Makes me want to strangle someone when something like this happens. I work hard for my money and earn it honestly. Why can't those who steal do likewise?

Dan


----------



## Justman (Jul 22, 2006)

" A similar thing happened to me with my Visa/debit card. I check my account online almost everyother day. One day I found 4 transactions totalling about $700.00 Each transaction originated in Yokohama, Japan. I've never been to Japan and have never ordered anything from Japan. "

My bank actually monitors for this type of charges... If I seem to purchase anything out of the norm, they give me a call and ask me about it. Pretty cool!


----------



## Doxie-Doglover-Too (Jan 25, 2007)

Justman said:


> " A similar thing happened to me with my Visa/debit card. I check my account online almost everyother day. One day I found 4 transactions totalling about $700.00 Each transaction originated in Yokohama, Japan. I've never been to Japan and have never ordered anything from Japan. "
> 
> My bank actually monitors for this type of charges... If I seem to purchase anything out of the norm, they give me a call and ask me about it. Pretty cool!

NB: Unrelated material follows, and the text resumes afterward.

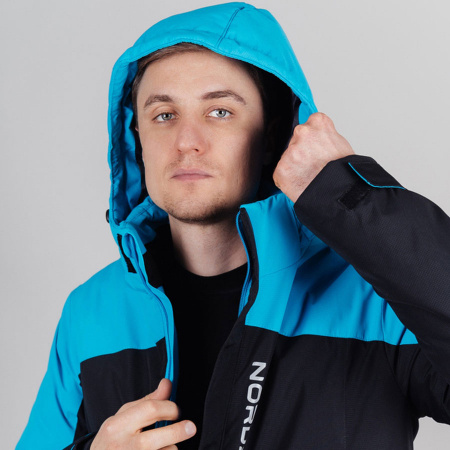 Утепленная куртка Nordski Mount Blue/Black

the new thing our credit card does is occasionally deny a charge. It has only happened to Rick. He carries the debit card as well. To get the card to work again , we have to call and tell them some of our recent charges so they know it really is us. At first we really hated it but the idea behind it is great. It is happening with big and small charges. Frustrating for sure when it happens but beats the alternative.


----------



## clarkely (Sep 15, 2008)

We have a separate checking account, not linked to any of our other checking or other accounts.

We use that one as the one linked to our paypal account, and we only keep the minimum required by the bank in it to keep it open.

I am confident it will get reversed and fixed............but it will be a pain in the arse getting it done..........

and unfortunately................you always feel like your talking to an idiot.and not getting satisfaction............i had had a minor issue once with double paying for an item.............and it was frustratung to say the least.

Good luck


----------



## 4ME (Sep 11, 2006)

We received a charge for a magazine subscription we didn't order around 25.00 dollars.
we disputed it and they said they found no basis for our complaint. What a crock of cheese!


----------